Scan the records below, and wherever a line has the word "House", pull it out.

=== Task data ===
━━━━━━━━━━━━━━━━━━━━━━━━━━━━━━

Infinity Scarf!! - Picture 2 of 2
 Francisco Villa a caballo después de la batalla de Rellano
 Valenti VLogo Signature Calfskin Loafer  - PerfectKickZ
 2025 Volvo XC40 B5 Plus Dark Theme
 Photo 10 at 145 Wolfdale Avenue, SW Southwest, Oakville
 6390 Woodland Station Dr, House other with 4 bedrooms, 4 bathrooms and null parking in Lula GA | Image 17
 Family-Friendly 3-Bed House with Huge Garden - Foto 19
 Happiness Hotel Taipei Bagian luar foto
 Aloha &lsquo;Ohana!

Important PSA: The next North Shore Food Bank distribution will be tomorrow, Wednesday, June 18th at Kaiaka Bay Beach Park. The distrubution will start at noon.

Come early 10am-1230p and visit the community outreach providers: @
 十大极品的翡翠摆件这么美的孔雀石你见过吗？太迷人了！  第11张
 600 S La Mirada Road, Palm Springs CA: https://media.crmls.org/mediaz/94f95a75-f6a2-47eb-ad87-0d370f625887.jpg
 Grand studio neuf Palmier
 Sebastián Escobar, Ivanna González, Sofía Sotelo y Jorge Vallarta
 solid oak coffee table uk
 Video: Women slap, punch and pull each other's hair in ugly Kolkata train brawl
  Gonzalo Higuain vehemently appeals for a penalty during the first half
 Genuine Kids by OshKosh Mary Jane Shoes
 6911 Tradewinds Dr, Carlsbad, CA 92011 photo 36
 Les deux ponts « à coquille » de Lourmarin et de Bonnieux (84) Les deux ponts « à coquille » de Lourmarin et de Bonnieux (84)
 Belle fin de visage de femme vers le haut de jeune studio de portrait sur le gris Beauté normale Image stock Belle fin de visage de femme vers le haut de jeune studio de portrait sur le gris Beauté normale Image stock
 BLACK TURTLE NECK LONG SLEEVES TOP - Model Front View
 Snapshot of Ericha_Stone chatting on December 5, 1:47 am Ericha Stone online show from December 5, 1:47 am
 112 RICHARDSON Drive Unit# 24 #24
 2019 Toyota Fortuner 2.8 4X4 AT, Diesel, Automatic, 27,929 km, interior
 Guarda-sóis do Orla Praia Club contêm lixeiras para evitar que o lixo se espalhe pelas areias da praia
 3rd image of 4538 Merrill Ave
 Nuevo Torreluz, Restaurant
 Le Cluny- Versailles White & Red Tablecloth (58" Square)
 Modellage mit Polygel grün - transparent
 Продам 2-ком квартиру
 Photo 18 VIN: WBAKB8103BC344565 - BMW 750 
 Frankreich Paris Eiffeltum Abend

━━━━━━━━━━━━━━━━━━━━━━━━━━━━━━

=== Answer to this problem ===
 6390 Woodland Station Dr, House other with 4 bedrooms, 4 bathrooms and null parking in Lula GA | Image 17
 Family-Friendly 3-Bed House with Huge Garden - Foto 19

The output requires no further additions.